# Data in this exercise
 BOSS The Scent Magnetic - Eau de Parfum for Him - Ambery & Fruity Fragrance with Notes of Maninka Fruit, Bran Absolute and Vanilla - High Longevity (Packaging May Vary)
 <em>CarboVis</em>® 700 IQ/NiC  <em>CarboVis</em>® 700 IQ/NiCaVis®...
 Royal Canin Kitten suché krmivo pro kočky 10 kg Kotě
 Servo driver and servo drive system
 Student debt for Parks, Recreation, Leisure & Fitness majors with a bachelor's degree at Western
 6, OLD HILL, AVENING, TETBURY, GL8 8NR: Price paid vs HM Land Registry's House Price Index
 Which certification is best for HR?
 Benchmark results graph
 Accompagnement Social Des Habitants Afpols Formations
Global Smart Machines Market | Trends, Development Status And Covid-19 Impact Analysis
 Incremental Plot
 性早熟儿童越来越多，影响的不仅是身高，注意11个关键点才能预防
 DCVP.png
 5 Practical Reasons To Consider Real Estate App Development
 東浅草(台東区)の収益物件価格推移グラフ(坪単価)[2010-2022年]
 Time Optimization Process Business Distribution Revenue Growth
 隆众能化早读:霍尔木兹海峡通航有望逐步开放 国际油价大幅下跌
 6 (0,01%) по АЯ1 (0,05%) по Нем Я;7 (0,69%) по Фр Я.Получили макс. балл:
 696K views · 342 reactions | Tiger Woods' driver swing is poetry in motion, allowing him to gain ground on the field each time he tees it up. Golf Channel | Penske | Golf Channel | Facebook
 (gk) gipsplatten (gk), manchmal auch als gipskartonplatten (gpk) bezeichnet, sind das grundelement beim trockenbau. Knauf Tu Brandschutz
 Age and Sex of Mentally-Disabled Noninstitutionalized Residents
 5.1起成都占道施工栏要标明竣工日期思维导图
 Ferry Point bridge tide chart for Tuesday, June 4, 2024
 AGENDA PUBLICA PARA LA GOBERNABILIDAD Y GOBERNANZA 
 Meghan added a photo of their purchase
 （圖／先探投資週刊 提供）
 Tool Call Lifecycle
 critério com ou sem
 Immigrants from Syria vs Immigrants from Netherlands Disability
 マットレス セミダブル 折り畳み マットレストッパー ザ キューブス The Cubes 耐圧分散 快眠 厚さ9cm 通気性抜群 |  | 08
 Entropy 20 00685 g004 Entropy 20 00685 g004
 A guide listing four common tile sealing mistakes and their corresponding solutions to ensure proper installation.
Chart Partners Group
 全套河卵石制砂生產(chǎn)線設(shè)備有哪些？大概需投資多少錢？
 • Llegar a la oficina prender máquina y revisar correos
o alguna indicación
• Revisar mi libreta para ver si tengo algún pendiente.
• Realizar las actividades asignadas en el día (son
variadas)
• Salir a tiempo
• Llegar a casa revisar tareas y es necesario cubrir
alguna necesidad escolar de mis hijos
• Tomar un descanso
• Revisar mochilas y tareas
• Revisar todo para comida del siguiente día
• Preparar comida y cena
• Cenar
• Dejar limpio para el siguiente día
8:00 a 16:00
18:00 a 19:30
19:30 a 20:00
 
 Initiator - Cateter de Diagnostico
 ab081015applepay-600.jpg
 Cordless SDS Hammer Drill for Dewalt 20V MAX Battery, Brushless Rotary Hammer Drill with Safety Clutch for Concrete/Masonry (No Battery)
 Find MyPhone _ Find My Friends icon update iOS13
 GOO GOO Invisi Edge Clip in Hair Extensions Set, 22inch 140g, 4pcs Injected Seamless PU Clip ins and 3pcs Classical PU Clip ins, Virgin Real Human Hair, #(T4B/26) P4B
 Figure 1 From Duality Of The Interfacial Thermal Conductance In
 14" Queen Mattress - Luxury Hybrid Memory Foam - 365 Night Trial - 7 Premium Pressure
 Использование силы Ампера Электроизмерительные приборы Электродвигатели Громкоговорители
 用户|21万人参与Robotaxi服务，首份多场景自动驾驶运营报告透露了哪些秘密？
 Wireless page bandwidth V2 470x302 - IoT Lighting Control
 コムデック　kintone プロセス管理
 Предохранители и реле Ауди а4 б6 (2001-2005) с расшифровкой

# What is required
Leave out every line above except those from the line with "A guide listing" up to and including the line with "mochilas y tareas", and copy those exactly.

# Response box
 A guide listing four common tile sealing mistakes and their corresponding solutions to ensure proper installation.
Chart Partners Group
 全套河卵石制砂生產(chǎn)線設(shè)備有哪些？大概需投資多少錢？
 • Llegar a la oficina prender máquina y revisar correos
o alguna indicación
• Revisar mi libreta para ver si tengo algún pendiente.
• Realizar las actividades asignadas en el día (son
variadas)
• Salir a tiempo
• Llegar a casa revisar tareas y es necesario cubrir
alguna necesidad escolar de mis hijos
• Tomar un descanso
• Revisar mochilas y tareas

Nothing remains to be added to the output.